Belfast Telegraph

Tuesday 16 September 2014

Review must call time on a bloated mode of governing

Finance Minister Sammy Wilson

One of the priorities for the NI Executive after the election was to agree and publish a Programme for Government (PfG) for the next four years. It has not yet been published.

The policies and financial allocations for the next PfG are demanding. No attempt to blame the world economic crisis, the USA, the eurozone debt problems, or even the UK budget would be an excuse for an unprofessional PfG.

The Executive annual budget is set. Any appeal to the Treasury for a more generous settlement would get a frosty reception. The PfG must plan to get the maximum benefit from reduced spending. Sammy Wilson knows that the Executive must do more than simply say to each of the other ministers 'do your best'. External independent pressure must be applied to departments to deliver 'more from less'.

Mr Wilson established the PEDU (public expenditure delivery unit) to push departments for radical efficiency improvements.

The Executive should now initiate a review along the same lines as was undertaken by McCarthy for the Irish Government or Christie for the Scottish Parliament.

The size and effectiveness of the public sector, and particularly the central civil service, has been minimally affected so far. The new PfG should use an independent review to scrutinise the organisational structure and staffing in departments. A weak PfG would repeat the past process that asked department heads to police themselves.

The PfG must seek reductions in staffing, the ending of marginal services, organisational rationalisation, reduced overlap between the civil service and delegated non-departmental bodies and abolish unnecessary quangos.

The PfG is, marginally, a negative financial game, which must also allow for the changes when (if) corporation tax is varied.

In terms of service delivery, there can be a positive gain.

What can the PfG do for the economy?

First, the PfG needs to retain the ambition for economic progress as a priority. This should become more explicit and focused than the inherited policies.

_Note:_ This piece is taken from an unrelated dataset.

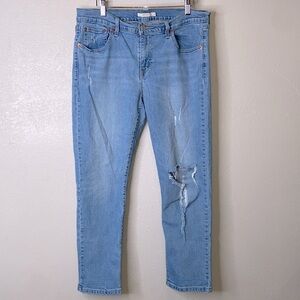 Levi’s Light Wash Boyfriend Distressed Straight Leg Jeans 3170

Second, the PfG is the moment to plan to streamline the structure of the administration. Plans to reduce the number of departments can be initiated. Plans for the Reform of Public Administration (including local government) should be relaunched.

Third, the PfG must make room for the approval by the Treasury and Parliament of the new corporation tax regime. At the earliest, those changes will affect the Executive budget in 2013-14; three years into the present planning period.

Fourth, the Executive must incorporate the acceptable ideas from the awaited review of economic strategy as well as finalising the content and cost of adding an Enterprise Development Zone to the concepts to incentivise private sector investment.

Fifth, the PfG must restate the Executive budget, as amended by corporation tax adjustments, removing any doubt about the apparent gaps in health and social services, and employment and learning.

Lastly, the PfG is an opportunity to reconsider the balance of funding and external mechanisms for capital spending. Drafting the PfG will be difficult but it will be critically relevant to the local economy and the reform of public services.